Create a dedicated mobile app and responsive website that will make it easy for Justin to find out what he can do to help save the bees.
UX designer: Lead the app and responsive website design from conception to delivery.
Conduct interviews, paper and digital wireframing, low and high fidelity prototyping, conducting usability studies, accounting for accessibility, iterating on designs, determining information architecture, and responsive design.
Why was design involved:
Bees are an integral part of our environment; without bees pollinating our food, our food supply could become endangered. If we do something to help preserve bee habitats now, we can prevent bees from becoming extinct and conserve our food supply. Understanding the needs of people like Justin who are concerned about bee conservation helps me to create an easy-to-use dedicated mobile app and responsive website that will make it easy to find out what you can do to help save the bees.
Understanding the user:
I created two personas, Petra and Justin, to guide me through the design process.

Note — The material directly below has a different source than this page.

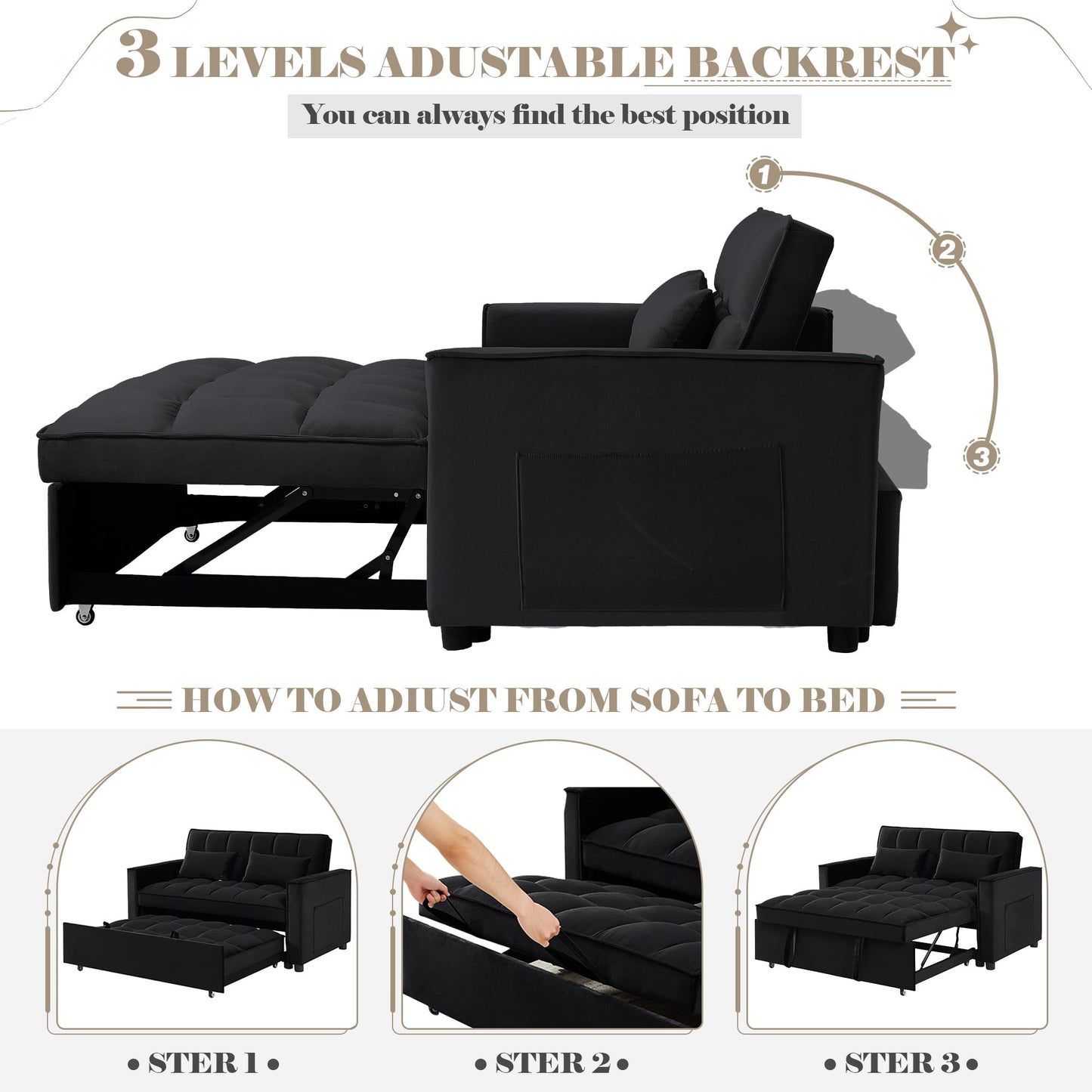 Lunale 55" Convertible Loveseat Sleeper, Tufted Pull Out Sofa Bed for Living Room, Black Velvet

Petra is a busy RN who needs an app that will give her insights on what she can do to save the bees because she wants to do all she can to save the bees.
Justin is a dedicated father who needs a quick, easy way to find out if he is doing everything he can to save the bees because he has kids to wrangle and needs to find the information as quickly as possible.
In my competitive audit, I found several Bee conservation sites on the web, but none listed all the ways people could help save the bees in one easy-to-use app or website.
I did a quick ideation exercise for ideas on how to address gaps identified in the competitive audit. Specifically, on how to create a bee sanctuary, I found that a list of steps worked best.
Starting the design:
After sketching paper wireframes, I moved into Adobe XD and began designing my digital wireframes and low-fidelity prototypes. My goal was the ease of use; I found in my research that my user flow was confusing. Feedback from users helped make it more user-friendly.
I changed the page title from What YOU Can Do to a clear You Can Help.
I Moved the Build a Bee Sanctuary above Flowers That Attract Bees for a clear user flow.
Scenario=User wants to know what they can do to help save the bees.
User Feels= Excited, a little overwhelmed
My goal for the user=To help them quickly find out what they can do to help
Tone=Friendly, helpful, clear
Message= You can help
In the low-fidelity prototype, users were confused about What You Can Do and Build a Bee Sanctuary; I found switching their location and changing the wording made things less confusing.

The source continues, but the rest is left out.